■ Assignment ■
A verbatim transcript of the lines below, starting at the first and ending with the one that holds "Entrenador Certificado en", is what should be produced.

[Stored entries]
--*--

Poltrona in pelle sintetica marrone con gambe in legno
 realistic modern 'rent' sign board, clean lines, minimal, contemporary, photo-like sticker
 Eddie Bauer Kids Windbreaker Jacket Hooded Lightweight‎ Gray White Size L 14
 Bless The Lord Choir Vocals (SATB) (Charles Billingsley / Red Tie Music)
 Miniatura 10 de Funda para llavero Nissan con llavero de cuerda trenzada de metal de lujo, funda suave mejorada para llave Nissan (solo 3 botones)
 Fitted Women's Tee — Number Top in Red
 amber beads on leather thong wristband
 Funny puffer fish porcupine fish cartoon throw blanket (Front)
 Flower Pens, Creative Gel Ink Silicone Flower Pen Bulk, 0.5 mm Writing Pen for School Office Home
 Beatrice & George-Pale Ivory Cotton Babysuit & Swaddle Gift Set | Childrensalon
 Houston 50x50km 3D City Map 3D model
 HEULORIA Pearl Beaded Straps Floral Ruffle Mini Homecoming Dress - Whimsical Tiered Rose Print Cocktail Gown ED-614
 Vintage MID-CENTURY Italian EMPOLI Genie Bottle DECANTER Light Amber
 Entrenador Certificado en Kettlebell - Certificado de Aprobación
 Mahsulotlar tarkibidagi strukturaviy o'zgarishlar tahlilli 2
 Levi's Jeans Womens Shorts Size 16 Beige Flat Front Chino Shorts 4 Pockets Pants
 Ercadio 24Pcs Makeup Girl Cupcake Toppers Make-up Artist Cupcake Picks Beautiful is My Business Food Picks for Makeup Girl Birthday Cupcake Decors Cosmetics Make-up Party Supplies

--*--

■ Answer for this exercise ■
Poltrona in pelle sintetica marrone con gambe in legno
 realistic modern 'rent' sign board, clean lines, minimal, contemporary, photo-like sticker
 Eddie Bauer Kids Windbreaker Jacket Hooded Lightweight‎ Gray White Size L 14
 Bless The Lord Choir Vocals (SATB) (Charles Billingsley / Red Tie Music)
 Miniatura 10 de Funda para llavero Nissan con llavero de cuerda trenzada de metal de lujo, funda suave mejorada para llave Nissan (solo 3 botones)
 Fitted Women's Tee — Number Top in Red
 amber beads on leather thong wristband
 Funny puffer fish porcupine fish cartoon throw blanket (Front)
 Flower Pens, Creative Gel Ink Silicone Flower Pen Bulk, 0.5 mm Writing Pen for School Office Home
 Beatrice & George-Pale Ivory Cotton Babysuit & Swaddle Gift Set | Childrensalon
 Houston 50x50km 3D City Map 3D model
 HEULORIA Pearl Beaded Straps Floral Ruffle Mini Homecoming Dress - Whimsical Tiered Rose Print Cocktail Gown ED-614
 Vintage MID-CENTURY Italian EMPOLI Genie Bottle DECANTER Light Amber
 Entrenador Certificado en Kettlebell - Certificado de Aprobación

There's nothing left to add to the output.